Providing safe and seamless air traffic, by means of  effective airspace management.

The vision

  • An organisation that is well established on the European market of air navigation service providers.
  • An innovative organisation that invests in knowledge and development.
  • An organisation that is the bridge between the East and the West of Europe in the area of the provision of air navigation services.

Key performance areas and strategic objectives

Every action taken at the PANSA and all employees of the Agency contribute to the achievement of objectives set within the four deifned Key Performance Areas.

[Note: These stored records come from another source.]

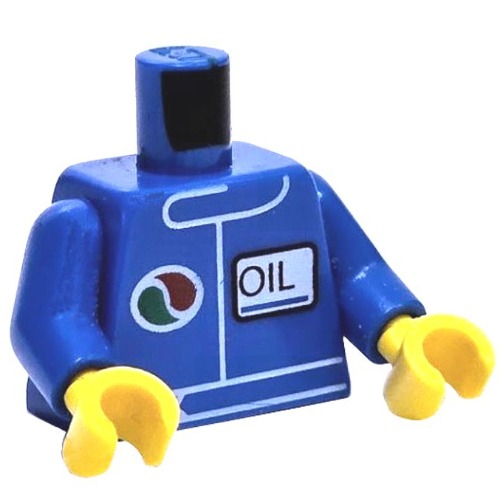Visuel indicatif Rebrickable de Torse, veste de course avec le logo Octan et de l'huile '2012 The LEGO Store Overland Park, KS' 2012 la boutique LEGO parc terrestre, ks' sur le dos motif imprimé, bras bleus, mains jaunes (Torso, Racing Jacket with Octan Logo and OIL' / '2012 The LEGO Store Overland Park, KS' on Back Print, Blue Arms, Yellow Hands)
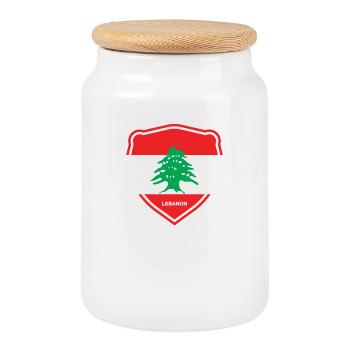 Libanon Beirut Libanese Libanesin Libanesisch LBN - Keksdose mit Holzdeckel - Weiß - Vorne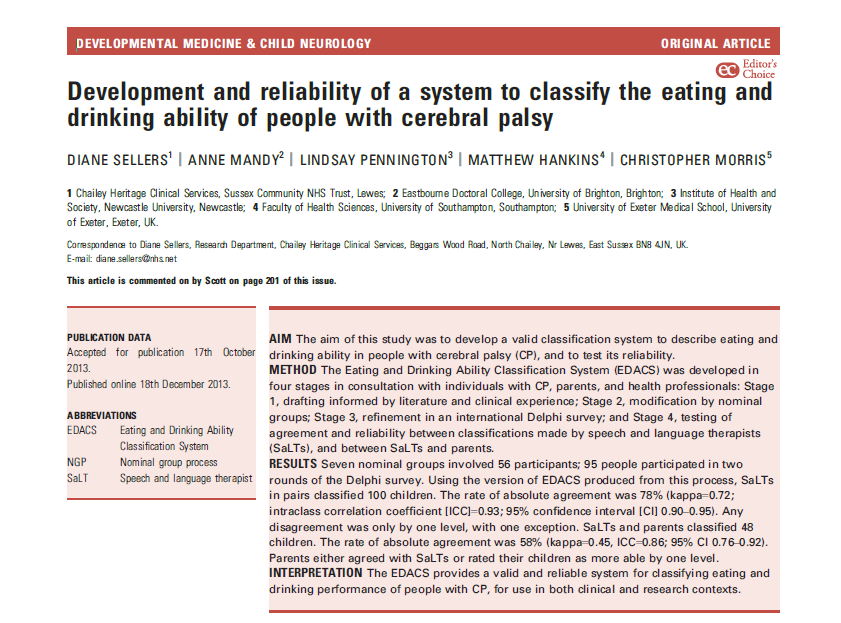 EDACS: Eating & Drinking Ability Classification System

  • SAFETY – ensuring and maintaing air traffic safety,
  • CAPACITY – ensuring the required airspace capacity and air traffic services while minimising delays,
  • ENVIRONMENT – ensuring sustainable development of air navigation services while minimising negative impact on the environment, reducing emissions and minimising noise,
  • COST EFFICIENCY – ensuring high quality of services provided at a reasonable price to facilitate the Agency’s development and financial stability.
PANSA strategy

The PANSA strategy is based on accomplishing operational and technical objectives and business objectives.
Operational and technical objectives:

  • Development of the ATM system,
  • Development of ATFCM/ASM functions in PANSA,
  • Ensured continuity of air navigation services,
  • Development of TWR Systems,
  • UAV traffic management.

Business objectives:

  • PANSA among key European ANSPs,
  • Provision of business-to-business services (B2B),
  • Research and development activities,
  • Intensified international activity of the Agency.

Air communication is one of the safest means of transport. It owes its high position on the safety list not only to technical accuracy, but also to the extremely precise ways of directing aircraft traffic. There is no place for improvisation, every move is well though-out  and continually controlled.

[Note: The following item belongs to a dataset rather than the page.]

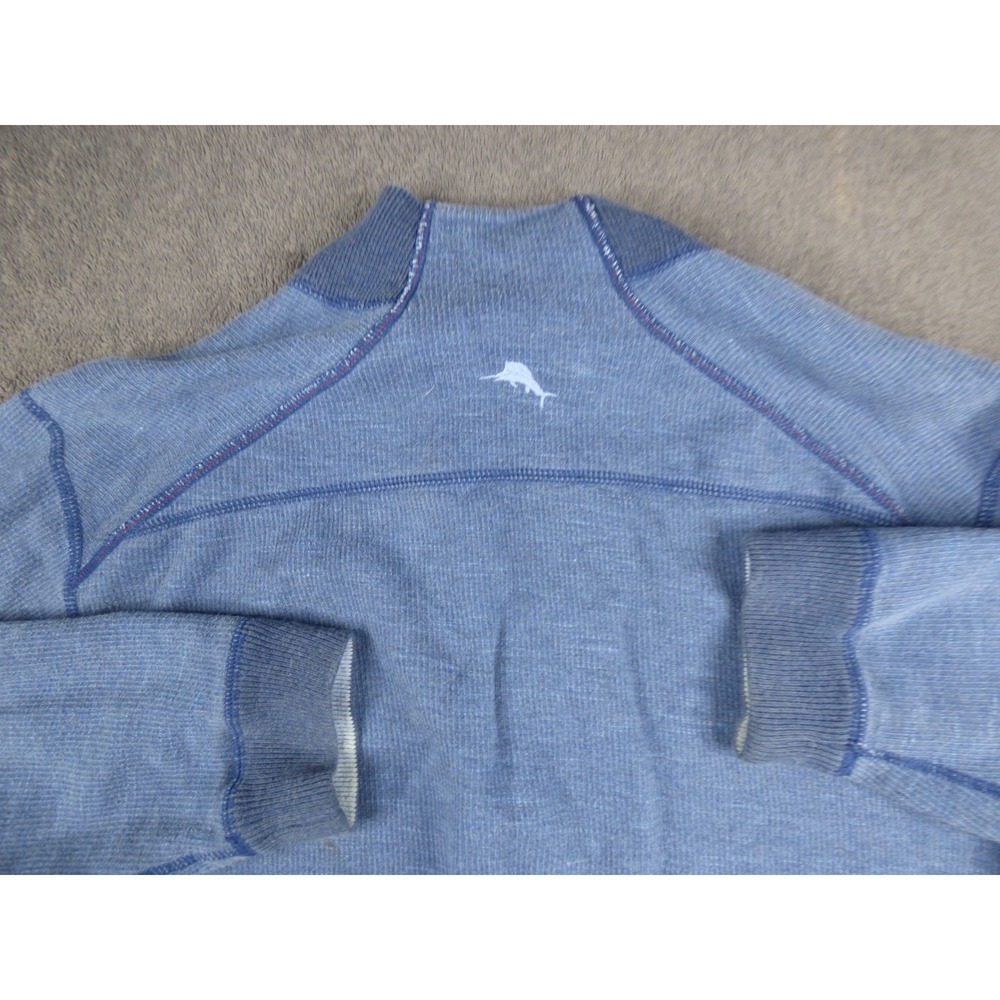 Tommy Bahama Mens Blue Marled Quarter Zip Pullover Sweater Marlin Logo XL - Picture 5 of 7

Providing safety of air navigation is not an easy task. It demands the engagement of technical means and the work of a large team of top-class specialists. However, their work is not very well known, which can be explained only by the fact that a great part of technical infrastructure of air traffic control remains unseen. The observers’ attention is usually focused onto the airplanes, which are far more attractive. In addition, airways traced on maps are invisible, electromagnetic waves, a controllers’ greatest instrument, are also invisible. The only things which an observer could see are modest on-ground installations and air traffic control centers, usually hidden in inaccessible aerodrome areas or even in places which have nothing to do with aviation.

In Poland the task of managing the air traffic was entrusted to the Polish Air Navigation Services Agency.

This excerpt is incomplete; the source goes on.